The last full Scottish Household Survey in 2019 showed that 22 percent of households in Scotland had no savings whatsoever, leaving thousands of people exposed when the cost of living crisis hit.

The figure rises to 34 percent of households among those with an income less than £20,000 per year and to a staggering 60 percent among single parents.

Scottish Labour have warned that this has left people making impossible choices to make ends meet as bills rise, warning that SNP and Tory inaction on the cost of living crisis risks creating a “tsunami of debt”.

Statistics research into the cost of living crisis revealed that 30 percent of people in Scotland are spending less on food or essentials, with 31 percent of people reporting using less fuel or electricity and 13 percent saying they have had to borrow money, even before the April price cap rise or the National Insurance hike came into effect.

The same research found that 30 percent of adults in Scotland said they couldn’t afford to pay an unexpected bill of £850.    

Jackie Baillie, Dumbarton constituency MSP said: “Sadly, there is no escaping the fact this cost of living crisis has been made all the more painful by the economic insecurity that is rife across Scotland.

“We have been severely impacted by years of political and economic failure by two incompetent governments. This has left far too many households living paycheck to paycheck, with no savings available to fall back on when it comes to the crunch.

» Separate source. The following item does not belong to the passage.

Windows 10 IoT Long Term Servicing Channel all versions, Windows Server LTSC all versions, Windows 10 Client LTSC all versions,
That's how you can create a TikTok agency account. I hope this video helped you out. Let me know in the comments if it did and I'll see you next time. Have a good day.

“For far too long these governments have done too little to tackle hardship and poverty and these effects are felt deeply across West Dunbartonshire where levels of poverty are higher than in most other areas of Scotland.

“SNP and Tory inaction is forcing people to make impossible decisions and creating a tsunami of debt.

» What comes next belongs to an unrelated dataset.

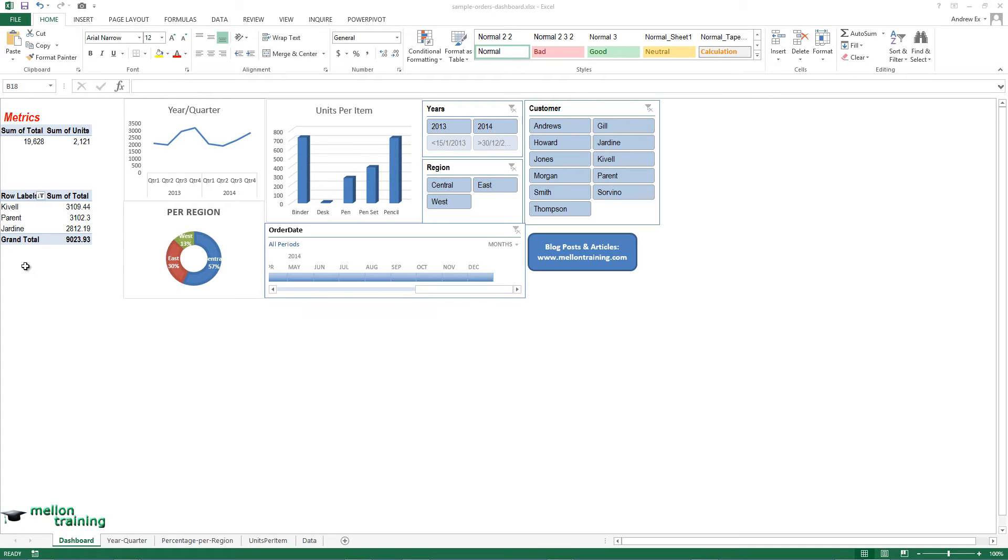Hi, this is Andreas and in this video tutorial we are going to learn the steps for distributing your dashboard. Here you can see a ready dashboard.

“Scottish Labour have a clear plan that could save households over £1,000 and on May 5th you can elect a local champion who will stand up for your interests.”

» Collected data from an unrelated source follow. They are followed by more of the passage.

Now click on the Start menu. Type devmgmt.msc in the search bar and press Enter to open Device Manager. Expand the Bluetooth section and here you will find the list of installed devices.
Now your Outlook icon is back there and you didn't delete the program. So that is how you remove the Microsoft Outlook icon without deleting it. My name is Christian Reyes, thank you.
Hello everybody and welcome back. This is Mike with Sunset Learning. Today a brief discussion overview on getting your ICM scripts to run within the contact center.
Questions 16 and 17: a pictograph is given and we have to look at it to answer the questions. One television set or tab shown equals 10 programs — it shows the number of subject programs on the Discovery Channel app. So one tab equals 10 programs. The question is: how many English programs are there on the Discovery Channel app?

Savings Data from the Scottish Household Survey 

https://www.gov.scot/publications/scottish-household-survey-2019-annual-report/documents/

Table 6.10 Whether respondent or partner has any savings or investments by net annual household income
Households No savings Has savings Don’t know Refused
Up to £10,000 34 56 3 7
£10,001-£20,000 34 59 1 6
£20,001-£30,000 24 67 1 7
Over £30,000 10 83 1 6
All 23 70 1 6

 * Note that the ‘All’ figures may differ slightly from those in Table 6.11 due to missing income information

Table 6.11 Whether respondent or partner has any savings or investments by household type

 

Households No savings Has savings Don’t know Refused
Single adult 32 60 1 7
Small adult 20 74 1 5
Single parent* 60 33 2 5
Small family 24 68 1 7
Large family 28 65 0 6
Large adult 16 73 1 9
Older smaller 7 83 0 9
Single older 14 71 3 12
All 22 69 1 8

 Cost of living Data from ONS – conducted between Nov 21 and March 22: https://www.ons.gov.uk/peoplepopulationandcommunity/personalandhouseholdfinances/expenditure/datasets/impactofincreasedcostoflivingonadultsacrossgreatbritain

  Scotland 
  LCL  UCL 
I am shopping around more 35 31 40
I am spending less on food shopping and essentials 30 26 35
I am spending less on non-essentials 50 45 55
I am cutting back on non-essential journeys in my vehicle 33 28 37
I am using less fuel such as gas or electricity in my home 31 26 35
I am using my savings 23 19 27
I am borrowing money from friends or family 5 3 8
I am using credit more than usual, for example, credit cards, loans or overdrafts 13 10 17
I am working more hours than usual 4 1 6
Other 1 0 2
None of these 14 11 18
  • Respondents were able to select more than one response.   In Scotland, 30 percent of adults say that they household would be unable to afford to pay an unexpected but unnecessary expense of £850. This compares to 27 percent in England 29 percent in the UK as a whole.